A Self-Correcting Neuro-Symbolic AI Reasoning Framework
Ben Wooding, Kiersten Brennan, Anne M. Tumlin, Hongchao Zhang, Taylor T. Johnson
Abstract
Vision-Language Models (VLMs) struggle with explainability and tasks requiring step-by-step reasoning. This paper proposes a neuro-symbolic framework that leverages both logic and neural networks for interpretable results; chaining together convolutional neural networks (CNNs), computer vision techniques, and Satisfiability Modulo Theories (SMT). We introduce a challenging benchmark suite of KenKen and Sudoku puzzles, both NP-complete in the general case. Provided with an unsolved board image, these puzzles require image decomposition, constraint evaluation, and error detection/correction, making it a relevant benchmark suite for VLMs.

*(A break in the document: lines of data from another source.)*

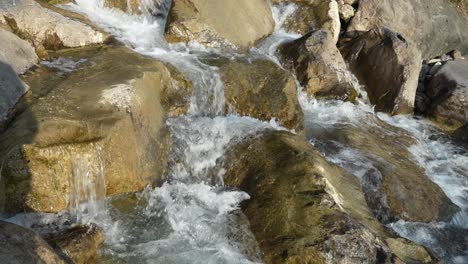 a crystal-clear mountain river cascades over rugged rocks in the swiss alps, region of amden, capturing the beauty of alpine nature.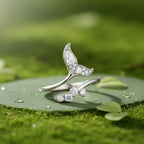 A sterling silver mermaid tail ring with clear cubic zirconia stones, displayed on a textured rock with a soft green background.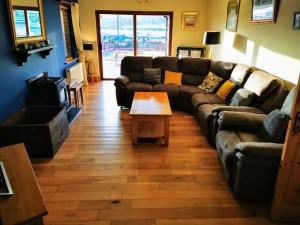 a living room with a couch and a coffee table at Picturesque Riverside Home in Cahersiveen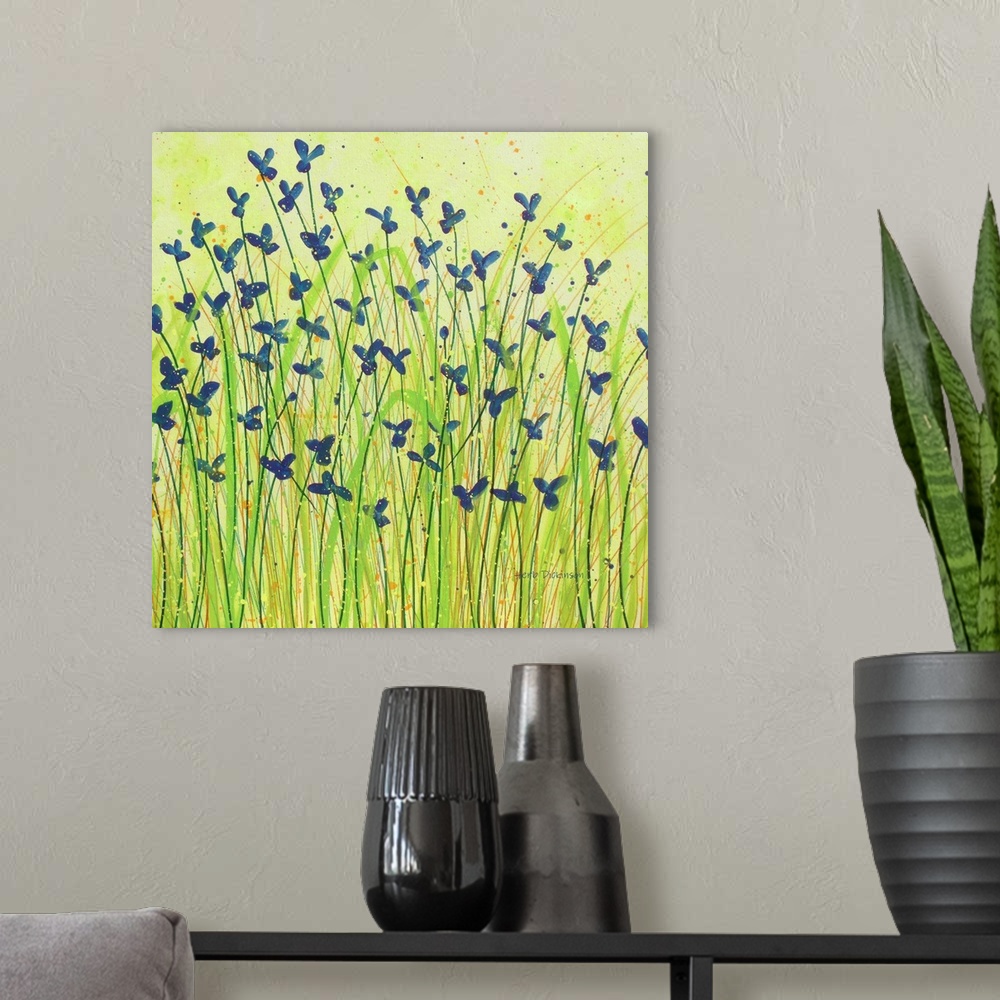 A modern room featuring Blue wildflowers with green stems and orange and green grass on a light green paint splattered ba...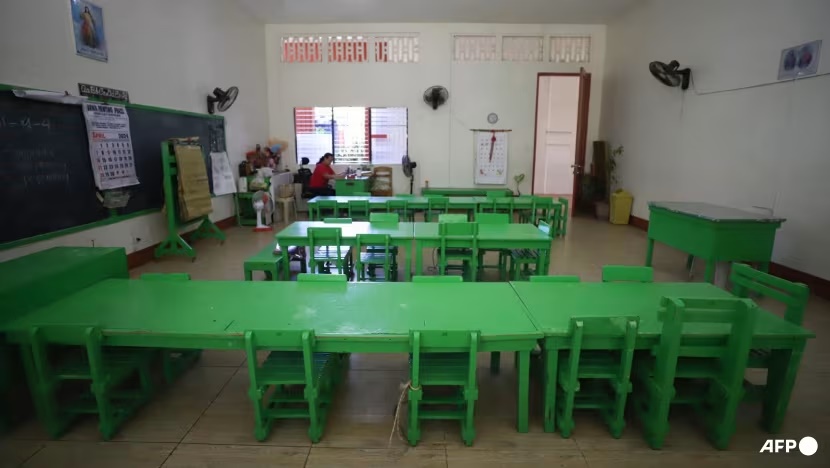 A teacher (background) works inside an empty classroom after in-person classes were suspended due to dangerous levels of heat, at an elementary school in Iloilo City, central Philippines on Apr 2, 2024. (File photo: AFP/Arnold Almacen) A teacher (background) works inside an empty classroom after in-person classes were suspended due to dangerous levels of heat, at an elementary school in Iloilo City, central Philippines on Apr 2, 2024. (File photo: AFP/Arnold Almacen)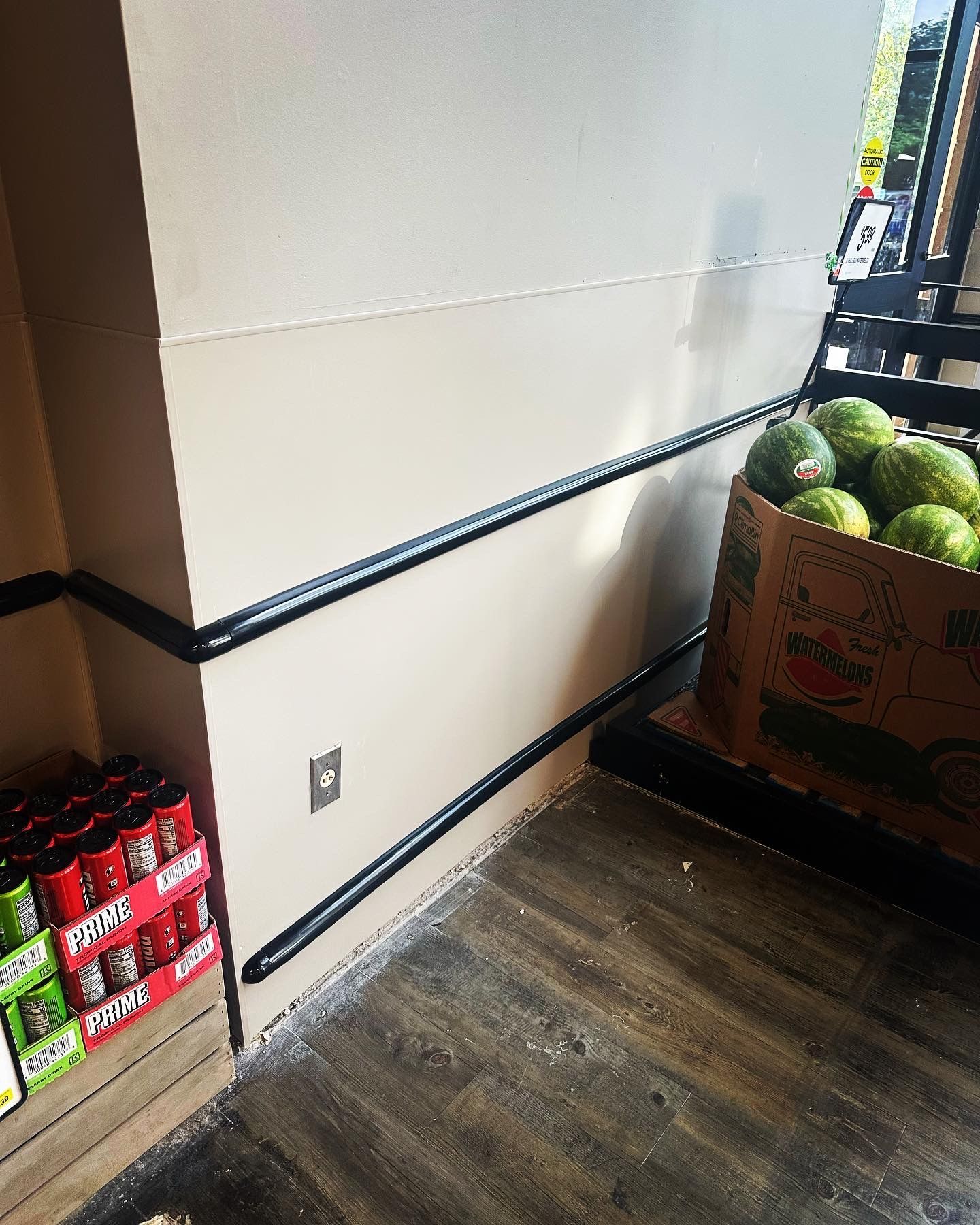 A grocery store corner with black metal bars on the wall. Watermelons and canned drinks are visible.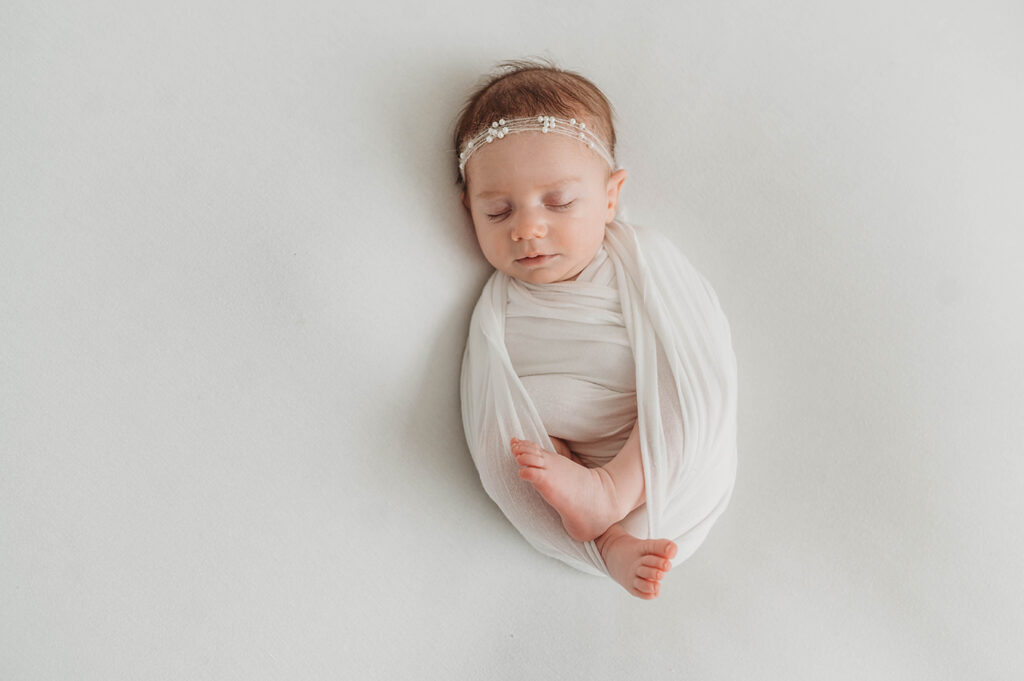Newborn Baby posed in an all white set during a Newborn Portrait Session in Asheville, NC.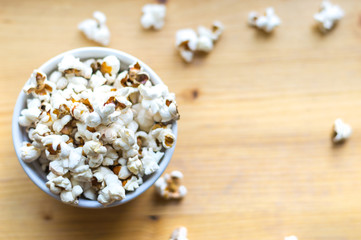 Popcorn on wooden table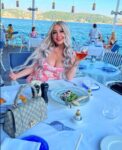 Woman with long blonde hair in a pink dress sits at a seaside restaurant aboard a boat, smiling while holding a glass of rosé; a Gucci handbag and plated food are in the foreground with blue water and hills in the background.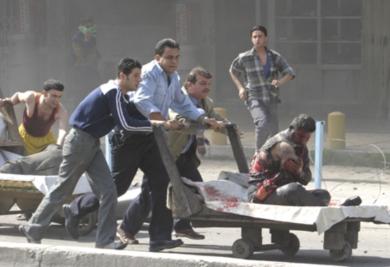 عراقيون ينقلون احد الجرحى بترت يداه في انفجار سيارة مفخخة في منطقة الكرادة
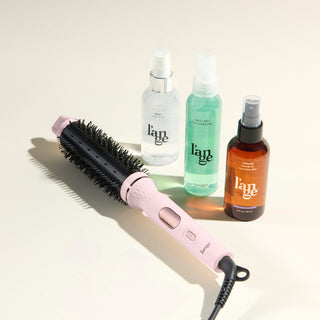Glam Me Up Duo Value Set, featuring a Blush GlamWave thermal brush, Rival, Salt + Sea, and Manage, displayed against a beige background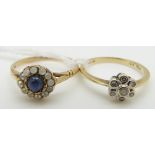 A 9ct gold ring set with a sapphire cabochon and faux pearls in a cluster and a 9ct gold ring set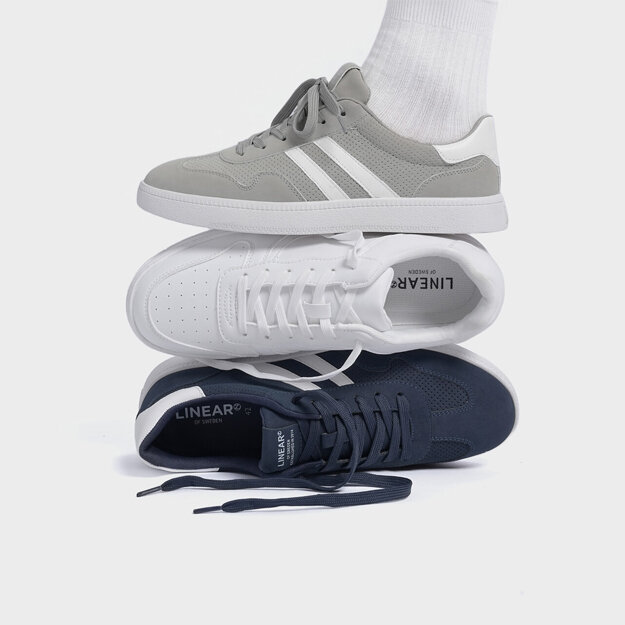 Ben med svarte bukser og grå sko med hvite detaljer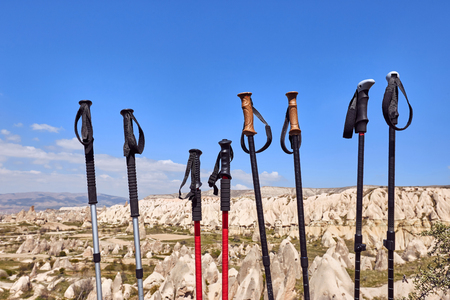 Trekking sticks against the backdrop of the rocky mountains in summer.の写真素材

We compare our neuro-symbolic framework against five state-of-the-art VLMs: Gemini-2.5-Pro, GPT-4o, GPT-4o-mini, Claude Sonnet 4.0, and Qwen2.5-VL-7B-Instruct. These VLMs have significant difficulty solving Sudoku or KenKen puzzles beyond 4x4 grids. The neuro-symbolic framework achieves 100% accuracy on computer-generated characters for all classes. For handwritten characters, we demonstrate the neuro-symbolic can correct image decomposition errors, improving solve rate. Overall, the benchmark is used to demonstrate the neuro-symbolic framework outperforms state-of-the-art VLMs while providing explainable reasoning to enable the self-correction of error. The benchmark suite consists of 2200 board images: seven classes of KenKen puzzle and four classes of Sudoku, for both computer-generated and handwritten characters.